Core Concepts
Novel approach using inductive invariants for NNCS safety verification.
Abstract
The paper introduces a compositional method for verifying safety properties of Neural Network Controlled Systems (NNCS) using inductive invariants. It addresses the challenge of verifying safety in NNCS by decomposing the inductiveness proof obligation into smaller, more manageable subproblems.
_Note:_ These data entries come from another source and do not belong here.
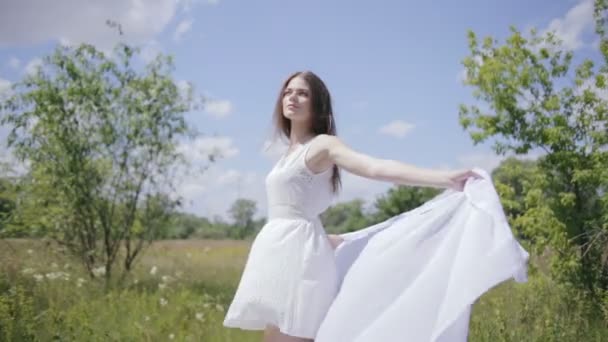 Joven mujer bonita sosteniendo tela blanca en el viento. Tiro medio — Vídeos de Stock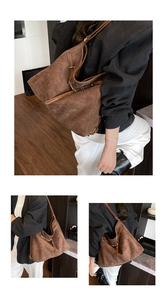 Detailed macro view of brown suede tote bag with long tassels and metal ring buckle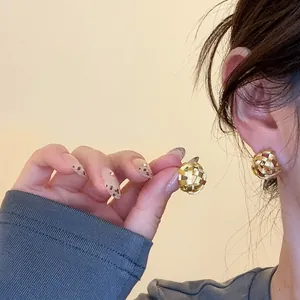 Detail view of gold woven sphere earrings with 18k gold plating on a model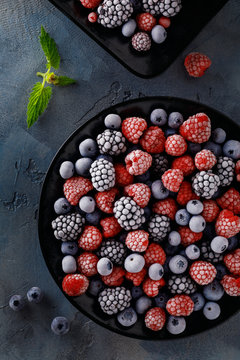 Frozen juicy and ripe berries of blueberries, blackberries and raspberries, top view. Home Harvest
The method significantly outperforms the baseline method, reducing verification time from hours to seconds.
Structure:
Abstract
Integration of neural networks into safety-critical systems
Challenge of verifying Neural Network Controlled Systems (NNCS)
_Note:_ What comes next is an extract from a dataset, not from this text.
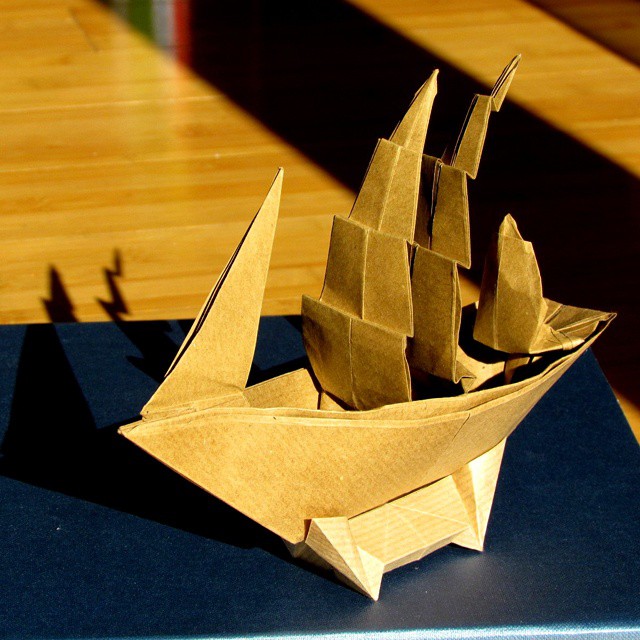 a folded origami sailboat on a wooden floor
Introduction of a novel approach using inductive invariants
Introduction
NNCS in safety-critical applications
Challenges in formal verification due to scale and nonlinearity of NNs
Preliminaries and Problem Statement
Symbolic Transition Systems
Invariants and Inductive Invariants
Neural Networks and NNCS
Our Approach
Compositional method for inductiveness verification
Automatic inference of generalized bridge predicates
Heuristic for falsifying inductiveness
Evaluation
Implementation details and experimental setup
Case studies on deterministic and non-deterministic 2D mazes
Comparison of monolithic and compositional methods
Related Work
Comparison with existing NN verification methods
System-level verification approaches
Automatic inductive invariant discovery
Stats
The algorithm significantly outperforms the baseline method.
Verification time reduced from hours to seconds.
Quotes
"The key idea is to decompose the monolithic inductiveness check into manageable subproblems."
"Our method allows verification of safety properties over an infinite time horizon."